Work item:
An exact transcription is needed of the lines below from the one with "Ruim 3 Slaapkamer Duplex Appartement te Huur" through the one with "Single Room,1678661018:JPEG", with no other lines and no pictures.

[Information given]

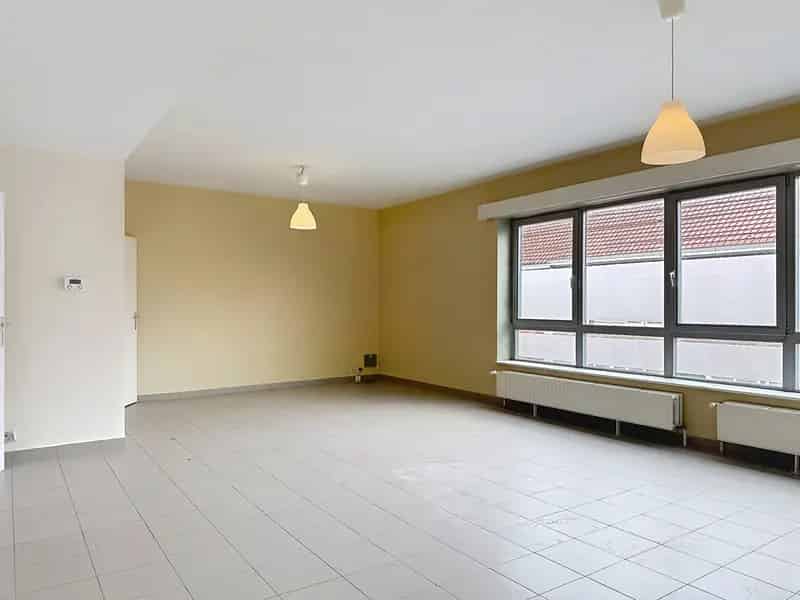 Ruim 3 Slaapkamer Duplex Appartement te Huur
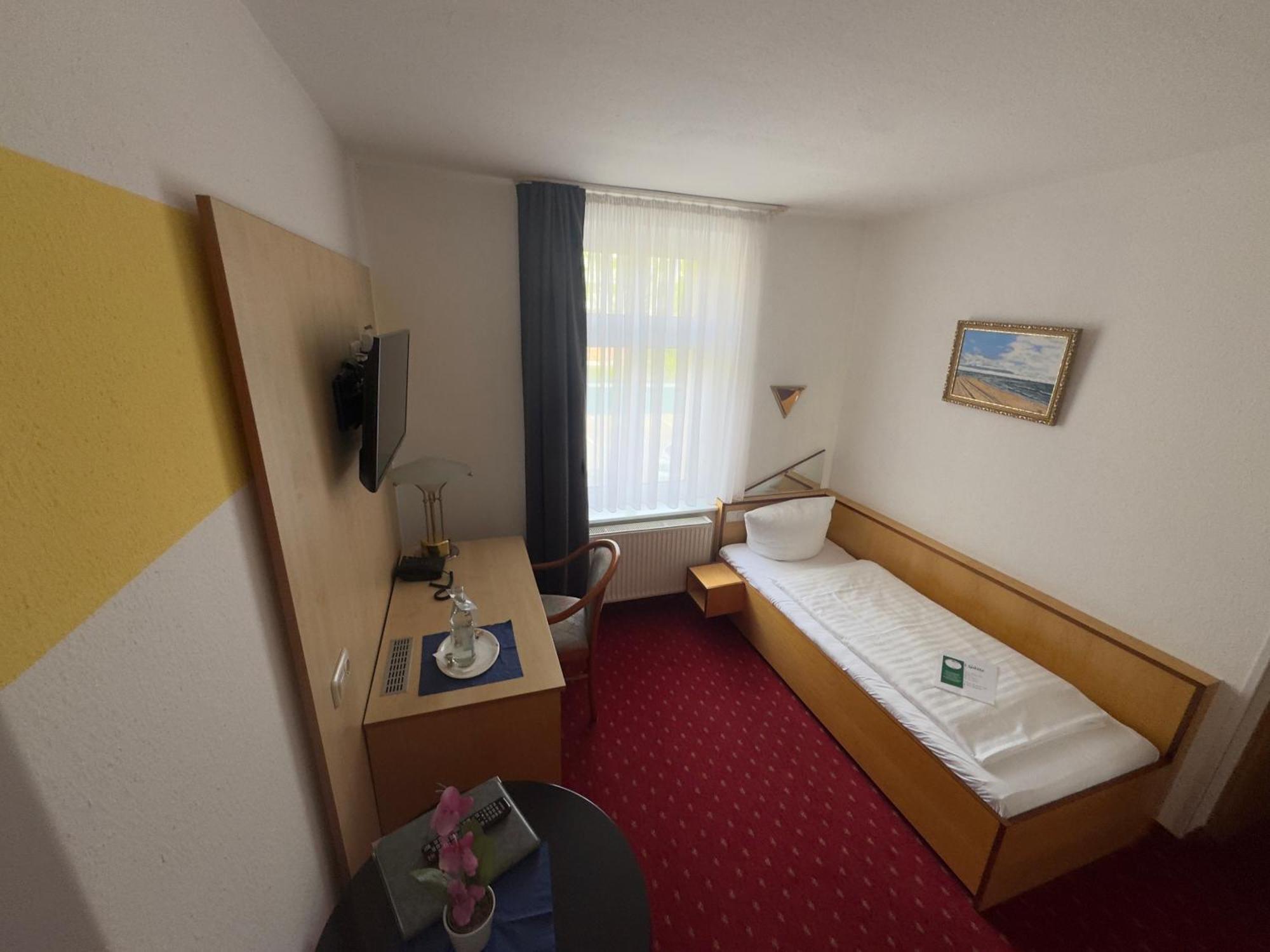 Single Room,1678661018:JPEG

[/Information given]
[Information given]

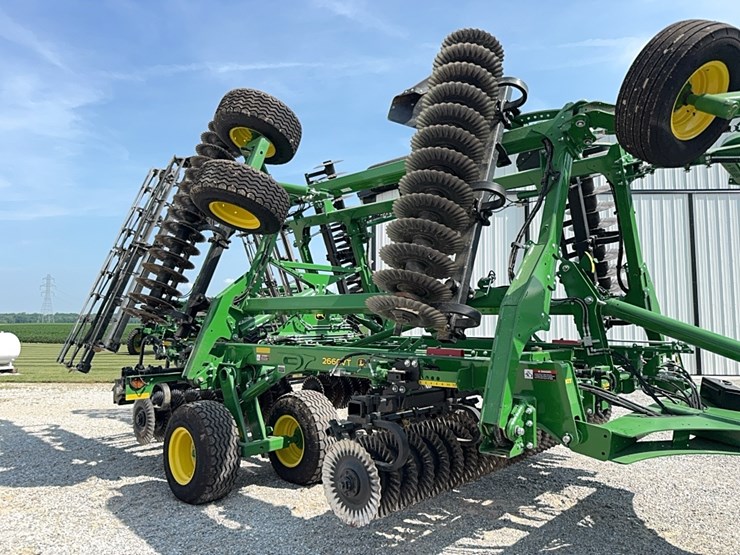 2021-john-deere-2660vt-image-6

[/Information given]

Exercise output:
 Ruim 3 Slaapkamer Duplex Appartement te Huur
 Single Room,1678661018:JPEG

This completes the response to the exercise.